A state Senate committee Monday approved resolutions requesting a task force study the social, economic and religious consequences of enacting marriage equality legislation in Hawaii as the U.S. Supreme Court prepares to hear two landmark same-sex marriage cases.
The high court today will consider the legality of a California ballot initiative that banned same-sex marriage. On Wednesday, the justices will weigh the constitutionality of the federal Defense of Marriage Act.
The Senate Judiciary Committee endorsed Senate Concurrent Resolution 166 and Senate Resolution 123, calling for the dean of the University of Hawaii law school to convene a task force to study marriage equality. The resolutions now go to the Senate floor.
To mark the Supreme Court hearings, Hawaii's gay, lesbian, bisexual and transgender community will gather for marches and candlelight vigils today and Wednesday. The events are sponsored in part by the GLBT Caucus of the Democratic Party of Hawaii.
A handful of supporters met on the Iolani Palace grounds Monday evening to march past Honolulu District Court, U.S. District Court, state Circuit Court and Supreme Court before returning to the palace for a candlelight vigil.
Today's event will focus on racial, ethnic and religious civil rights accomplishments, and the main event on Wednesday will highlight equality efforts made by the LGBT community. All events are scheduled from 5 to 7 p.m. on the makai lawn of Iolani Palace and are open to the public.
Jo-Ann Adams, a GLBT Caucus member and coordinator of this week's vigils, said she heard that the first man in line to attend the Supreme Court hearings in Washington, D.C., has been waiting out in the elements since Thursday.
"Whether you're for or against or neutral, everybody knows this is historic," Adams said.
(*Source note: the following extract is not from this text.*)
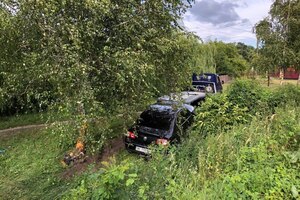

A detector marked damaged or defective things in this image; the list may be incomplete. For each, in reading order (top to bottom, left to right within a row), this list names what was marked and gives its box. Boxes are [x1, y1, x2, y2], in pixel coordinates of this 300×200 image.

crashed black car [123, 91, 205, 154]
Before the Judiciary Committee on Monday, the American Civil Liberties Union of Hawaii testified in support of the Senate resolutions. The Supreme Court could repeal the part of the Defense of Marriage Act that defines marriage as a union only between men and women.
"We believe that will have implications for this state, which is why I believe that this task force is especially timely," said Lois Perrin, legal director for the ACLU.
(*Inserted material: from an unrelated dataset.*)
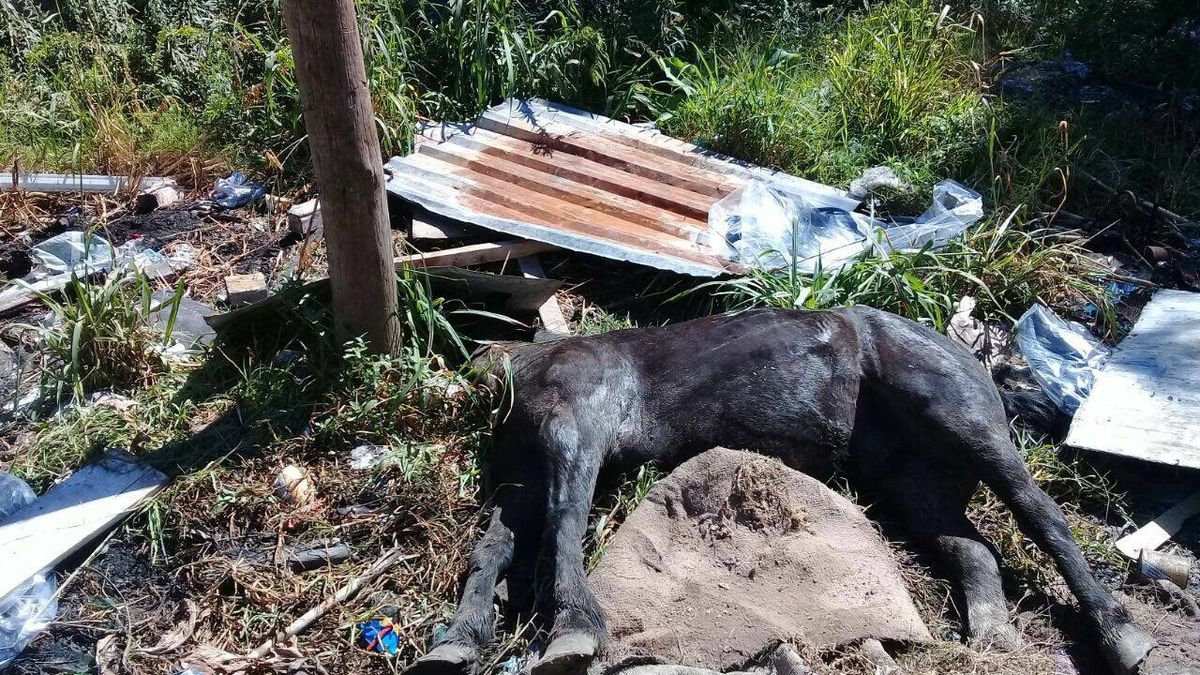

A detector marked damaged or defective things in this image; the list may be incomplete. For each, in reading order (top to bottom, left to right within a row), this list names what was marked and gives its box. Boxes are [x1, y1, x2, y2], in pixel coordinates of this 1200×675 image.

The Supreme Court is expected to make a decision in the two cases sometime this summer.
Nine states, including Hawaii, allow civil unions between same-sex couples, and nine states plus the District of Columbia recognize same-sex marriage.
"I believe that this study would be different from other studies given that the other studies were conducted prior to civil unions in Hawaii," Perrin said. "In addition, we didn't have the benefit of looking at all of these other civil union states, given that most of them have been within the last two years."
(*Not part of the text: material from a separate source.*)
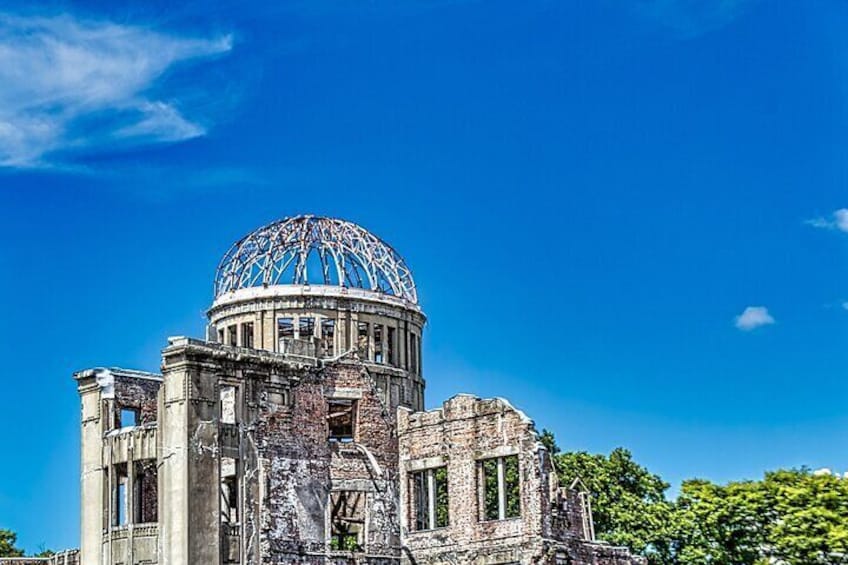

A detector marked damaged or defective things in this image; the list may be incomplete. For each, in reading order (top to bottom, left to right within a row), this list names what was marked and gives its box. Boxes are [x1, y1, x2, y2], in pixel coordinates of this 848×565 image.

corroded metal [212, 215, 418, 304]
Groups in support of and opposed to same-sex marriage testified that they believe current studies, including a 1995 report released by the state Commission on Sexual Orientation and the Law, are sufficient.
"To me this is a stalling mechanism because the Legislature — both the House and the Senate — doesn't want to take and hear the bill on marriage," said Carolyn Golojuch, president of PFLAG-Oahu. "The studies have been done, folks, by people with more time, more money than Hawaii is going to spend on this present study."
The proposed task force would be made up of:
Eva Andrade, executive director of Hawaii Family Forum, opposed the resolutions because she said the language is one-sided.
"When you look at all of the reasons to get to the task force, it sounds like it's already stating that same-sex marriage should be legalized," Andrade told the Judiciary Committee. "I mean all of the points are that the people of Hawaii already support it; we've got a president, we've got a governor, that already support it; and the term marriage equality is normally referred to for people that support same-sex marriage."
Walter Yoshimitsu, executive director of the Hawaii Catholic Conference, also testified against the resolutions.
"My opposition is: first of all, it's unnecessary; and secondly, marriage should be between a man and woman," Yoshimitsu said.
Adams said the discussion shouldn't be about religion.
"I think we lose focus because they (opponents) drag religion into this," she said. "This is about the government issuing a license. That's all we're saying, is we want the government to issue a marriage license. We've got plenty of churches that are willing to marry us. Plenty."